Nissan Motor Co <7201.T> and Hyundai Motor Co's <005380.KS> forecast-beating quarterly profits may prove tough to match in the second half as robust sales in China and elsewhere start to slow.
A patchy recovery in the U.S. market has become one of the biggest concerns for the auto industry, especially Japanese automakers, which rely heavily on the region for its profits.
Nissan, Japan's No.3 automaker, reported its strongest quarterly operating profit in more than two years as sales surged, but it left its cautious guidance unchanged amid an increasingly murky outlook for demand.
Hyundai, the world's No.5 car maker with affiliate Kia Motors Corp <000270.KS>, beat forecasts with a record quarterly profit, helped by strong sales of models such as the Sonata sedan and Santa Fe sports utility, as well as weakness in the Korean won.
South Korea's top automaker plans to launch a revamped version of its best-selling compact car Elantra in August and the Azera sedan later this year.
The launch of new models will only have a limited effect in the short term, and we cannot see it as a solution for worsening demand, said Jung Sangjin, an asset manager at Dongbu Securities in Seoul.
Nissan, held 43 percent by France's Renault SA , has outperformed the industry's growth especially in China, the world's biggest market, so far this year thanks to a model line-up more suited to local tastes.
Nissan is also aiming to boost its global market share this year with sales growth of about 8 percent to 3.8 million units, driven by the revamped Micra/March subcompact, Juke crossover, and other new models including the much-hyped Leaf electric car.
First-quarter results for Nissan are good and our recovery is vigorous and ahead of schedule, CEO Carlos Ghosn said in a statement. Despite uncertainty surrounding the ongoing global economic recovery, raw material costs and exchange rate volatility, we are confident to achieve our 2010/11 forecast.
Nissan shares, down about 15 percent this year, closed up 1.8 percent before the results, while shares of Hyundai fell over 2 percent at one point and closed down 0.7 percent.
Since the beginning of the year, Hyundai shares have risen about 20 percent, versus a 5 percent gain in the wider market.

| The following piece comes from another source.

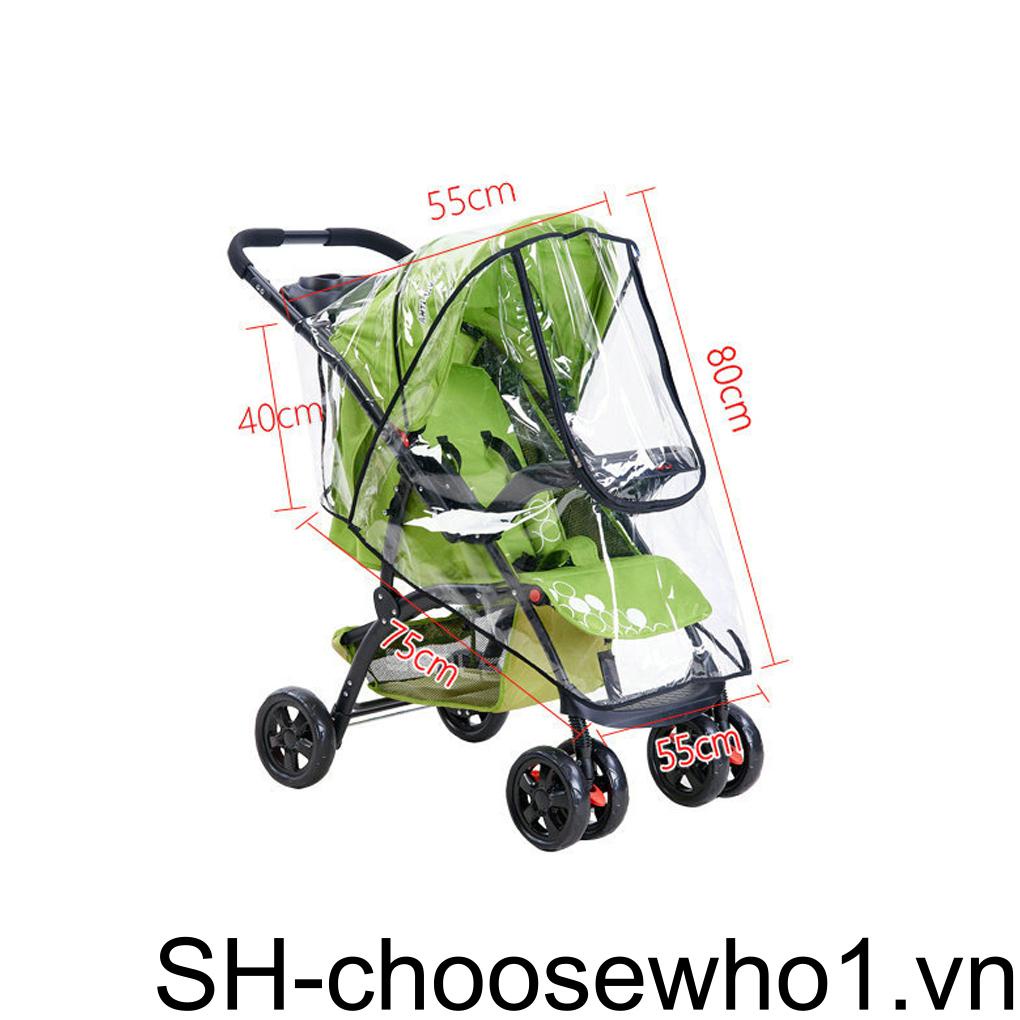Tấm Che Nắng Mưa Trong Suốt Chống Bụi Chống Nước Có Khóa Kéo Thông Dụng Cho Xe Đẩy Em Bé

After a series of bullish earnings, market focus now is whether the second quarter might have been the peak, Oh Hyun-Seok, a market analyst at Samsung Securities in Seoul, said of Hyundai's earnings.
Under Chief Executive and Chairman Chung Mong-Koo, Hyundai was one of the rare winners in the global financial crisis, winning market share with its lineup of cheap, cleverly marketed cars and SUVs.
Both Nissan and Hyundai have done well in China, but the economy there is slowing and industry sales growth is falling. Other big markets are also struggling.
Global car sales in the second half are seen slowing slightly from the first half due to fiscal crises in some European countries, the end of governments' incentives on new car purchases and higher interest rates, Hyundai executive Vice President Lee Won-hee told investors.
Hyundai reported a 71 percent rise in net profit to 1.39 trillion won ($1.17 billion) in the second quarter, compared with a consensus estimate of 1.1 trillion won. Quarterly operating profit was a record 863.3 billion won, beating forecasts.
Nissan confirmed it expects operating profit to grow 12 percent to 350 billion yen ($4 billion) in the year to March, lower than the consensus forecast of 401 billion yen in a survey of 22 analysts by Thomson Reuters I/B/E/S.
April-June operating profit rose to 167.9 billion yen from 11.6 billion yen a year ago and beating the average 124.7 billion yen estimated by six analysts surveyed by Reuters.